[net.records] Misunderstood lyrics

peterr@utcsrgv.UUCP (Peter Rowley) (11/16/83)

I'm sure we all remember that popular BeeGees song from Saturday Night Fever...
"Bald-Headed Woman"... "bald-headed woman, bald-headed woman to meeee".

(The real lyrics: "More than a woman...")

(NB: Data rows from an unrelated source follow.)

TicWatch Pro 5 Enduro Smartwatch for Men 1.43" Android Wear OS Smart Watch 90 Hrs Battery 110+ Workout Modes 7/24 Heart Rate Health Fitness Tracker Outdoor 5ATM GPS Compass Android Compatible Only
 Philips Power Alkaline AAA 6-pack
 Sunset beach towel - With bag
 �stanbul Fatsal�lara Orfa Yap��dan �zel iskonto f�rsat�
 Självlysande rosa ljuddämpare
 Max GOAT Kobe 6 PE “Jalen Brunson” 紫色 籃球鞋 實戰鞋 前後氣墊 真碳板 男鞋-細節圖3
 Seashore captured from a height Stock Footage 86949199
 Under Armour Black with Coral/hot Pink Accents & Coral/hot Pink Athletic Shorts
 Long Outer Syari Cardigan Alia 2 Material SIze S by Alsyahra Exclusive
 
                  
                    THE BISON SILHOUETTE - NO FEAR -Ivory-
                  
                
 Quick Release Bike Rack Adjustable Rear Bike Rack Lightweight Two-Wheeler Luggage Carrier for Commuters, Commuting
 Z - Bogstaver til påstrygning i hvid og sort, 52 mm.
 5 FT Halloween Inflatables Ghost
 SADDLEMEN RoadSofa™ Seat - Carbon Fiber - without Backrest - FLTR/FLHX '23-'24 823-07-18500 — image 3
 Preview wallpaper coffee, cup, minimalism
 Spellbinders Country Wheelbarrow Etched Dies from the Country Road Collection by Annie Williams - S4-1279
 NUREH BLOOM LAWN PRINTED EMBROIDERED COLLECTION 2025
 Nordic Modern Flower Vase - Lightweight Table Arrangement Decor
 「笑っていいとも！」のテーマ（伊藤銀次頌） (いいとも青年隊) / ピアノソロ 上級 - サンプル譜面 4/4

ki@linus.UUCP (Kevin Ilsen) (11/16/83)

One of my favorites:

	"... there's a bathroom on the right ..."
	(alias "bad moon on the rise")

BTW, Mick Jagger has said that one of his guidelines for singing rock
music is to purposely slur the words.  And, as long as I'm thinking
in stream-of-consciousness mode, back in the 60's when musical guests
on TV shows lip-synched to recordings as a rule rather than an exception,
Jagger reportedly would deliberately mouth an entirely different song.
Wonder how many people noticed...

-- 
	--Kevin Ilsen
	{allegra,genrad,ihnp4,utzoo,philabs,uw-beaver}!linus!ki     	(UUCP)
	linus!ki@mitre-bedford						(MIL)

rossen@uiuccsb.UUCP (11/20/83)

#R:utcsrgv:-273300:uiuccsb:11800004:000:414
uiuccsb!rossen    Nov 18 14:40:00 1983

Now that we all (or many of us, anyway) get to see people lip-synch
their records on MTV, there arises a new question of who is the worst
lip-syncher around -- Jagger certainly qualifies.  That's probably 
due less to incompetence than to not giving a shit.  Any other nominations?
 
                                                 Ken at UIUC
                                                 (..!uiucdcs!rossen)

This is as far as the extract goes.